Cuando Javier Méndez Ovalle descuartizó a una chica de 19 años en Tlatelolco inmediatamente saltaron los medios a hablar de su inteligencia y genio: Es un “destacado estudiante, ganador de olimpiadas de física”, se leía en las notas; “Juez condena a 50 años de prisión a estudiante modelo”, decía el titular de Proceso. Como si por ser buen estudiante quedara exculpado de ser un asesino o si el hecho de ser un genio lo excluyera por default de pertenecer al caricaturesco grupo de criminales (ojo) des-cuar-ti-za-do-res .
Sépase: sólo hace falta un instante para pasar de ser un ciudadano ejemplar a ser un violador o un asesino, es el mismo instante que hace la diferencia para pasar de ser una mujer ejemplar con su vida e integridad intactas a convertirse en una estadística, en una víctima de la violencia de (o contra el) género. Víctima y victimario se gradúan exactamente al mismo tiempo y lo que hayan sido antes de ese momento pasa a segundo plano.
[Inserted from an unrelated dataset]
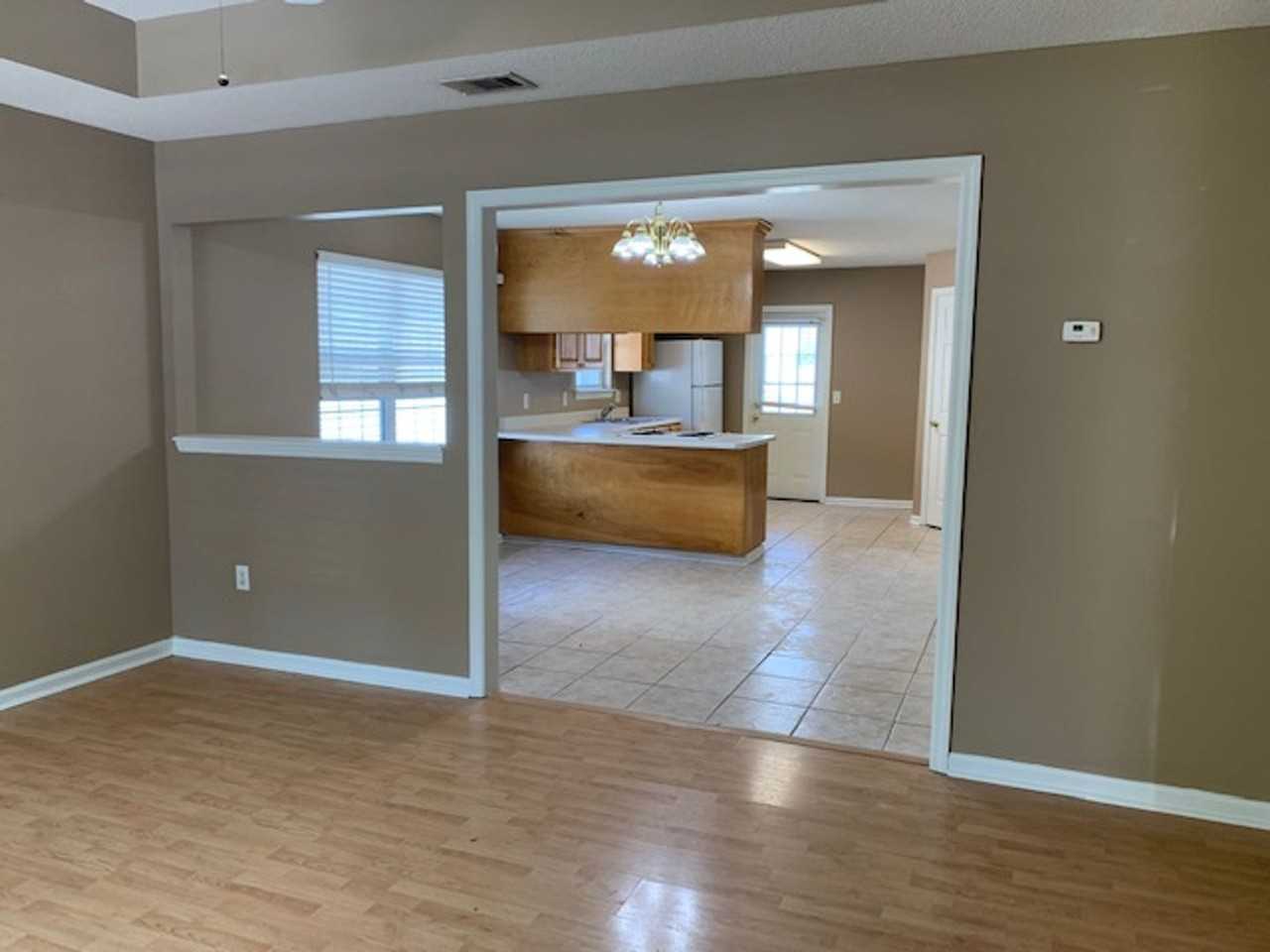 1318 Edgewood Dr - Photo 3 of 12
En un estudio publicado en 2017 por el Consejo Ciudadano de la CDMX se reveló que el perfil de los abusadores en el metro de la capital mexicana es en promedio el de un joven con empleo y pareja. Es decir que el mismo pervertido que en el metro restriega sus partes contra el cuerpo de varias mujeres es el mismo que en su casa podría incluso ser un buen padre de familia, alguien con un comportamiento social esperable, deseable; “una persona normal”. ¿Entonces? ¿Estamos frente a un tema de la psicología o de la sociología? ¿Un hombre comete un crimen de género por una desviación sociopática o es al contrario? El problema es paleolítico, trasciende los márgenes individuales. Las condiciones que le dan al hombre la posibilidad de transgredir el cuerpo o la vida de una mujer son producto de la repetición de una idea injusta durante años. Entonces, un hombre que asesina a una mujer como Ricardo Alexis hizo con Mara, al parecer lo hace en un marco de permisividad social, lo hace porque puede y aunque esté penado, en la praxis hay muchas formas de escapar y librarse de la pena.
En 2017 han asesinado a 83 mujeres solamente en el estado de Puebla, lugar en donde ocurrió la desaparición, violación y asesinato de Mara Fernanda. Tan solo durante este año, 259 mujeres están reportadas como desaparecidas en esa entidad. El resto del país no está en mejores condiciones. Este es el año más violento en México, el New York Times reporta 100 mil muertos y 30 mil desaparecidos en lo que va del año en territorio nacional. Es evidente que el contexto en el que hoy día se están dando los feminicidios es más que adverso, México atraviesa un momento en donde una vida vale menos que un celular y el cuerpo de una mujer vale mucho menos que eso. Es esta una violencia machista, sí, al menos sí es una violencia masculina.
¿Desde hace cuánto tiempo comenzamos a tipificar, denunciar y hablar de manera generalizada sobre los casos de maltrato, abuso, violación, feminicidio? No pasa de 20 años. Somos muy nuevas en esto de nombrarlos y denunciarlos, pero el problema es ancestral.
Pensé mucho en la escena de mis amigos cuando me enteré sobre la desaparición y muerte de Mara. Me imaginé a su padre, a mi amigo, a mi propio padre, al padre de mi sobrina… ninguno de ellos “volvió a dormir” cuando llegó a su vida a una mujer nacida de su propia sangre.
¿Será que el asesino de Mara habrá escuchado alguna vez esta frase... “no volverás a dormir en tu vida”? ¿Qué pensará de las mujeres que conoce?